Penulis: Kalis Mardiasih

Atorcator.Com - Sebut saja namanya Bintang. Setahun terakhir, perilakunya di sekolah semakin nganeh-nganehi. Kebetulan tahun ini sudah kelas dua belas di SMA ini. Terkadang, ia baru berangkat pukul 9. Terkadang, pukul 11 baru sampai sekolah. Guru-guru sudah menegur, dari bertanya baik-baik hingga agak sedikit mengomel. Terkadang, menasehati anak ketakutan atau anak yang membantah ternyata jauh lebih menyenangkan dibanding jika anak tersebut diam saja, tetapi tetap keras kepala sambil memasang tampang yang bikin lawan bicara jengkel. Lebih tepatnya, jadi malas melanjutkan percakapan.

Si Komariyah, ketua kelas pernah bertanya, kenapa Bintang semakin tidak niat belajar di sekolah. Kalau ada ujian, Bintang paling cepat keluar kelas. Bukan karena ia tangkas menjawab soal-soal ujian, melainkan karena ia bosan lama-lama berada di kelas.

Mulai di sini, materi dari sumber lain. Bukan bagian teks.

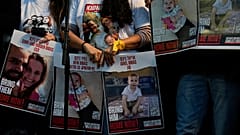 Die Hamas hat eine weitere Gruppe Geiseln freigelassen.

Ia silang ngawur saja kertas pilihan jawaban lalu lekas meninggalkan ruangan itu.

Bintang, suatu kali sambil dikelilingi oleh siswa-siswa lain pernah mengungkapkan bahwa pendidikan merupakan kedok pemerintah untuk menghancurkan agama. Ya, anak SMA yang tinggal di pinggiran kecamatan ini memakai istilah kedok . Istilah khas buletin Jumat sebagian kelompok massa agresif. Seorang guru pernah memergoki Bintang berangkat sekolah berjalan kaki lewat sebuah sungai kecil sekali di pinggiran desa, ketika ditanya mengapa Bintang tidak lewat jalan raya biasa, ia menjawab bahwa ia tak ingin melihat "perempuan beraurat."

Kedua orang tua Bintang bekerja sebagai TKI di Malaysia. Sudah sejak Bintang usia SD hingga kini ia SMA. Sebetulnya secara ekonomi, Bintang tak kekurangan. Uang bulanannya 1,5 juta rupiah, jauh melampaui teman-temannya. Akan tetapi, ia tentu saja kesepian. Ia hidup berdua saja dengan neneknya di rumah.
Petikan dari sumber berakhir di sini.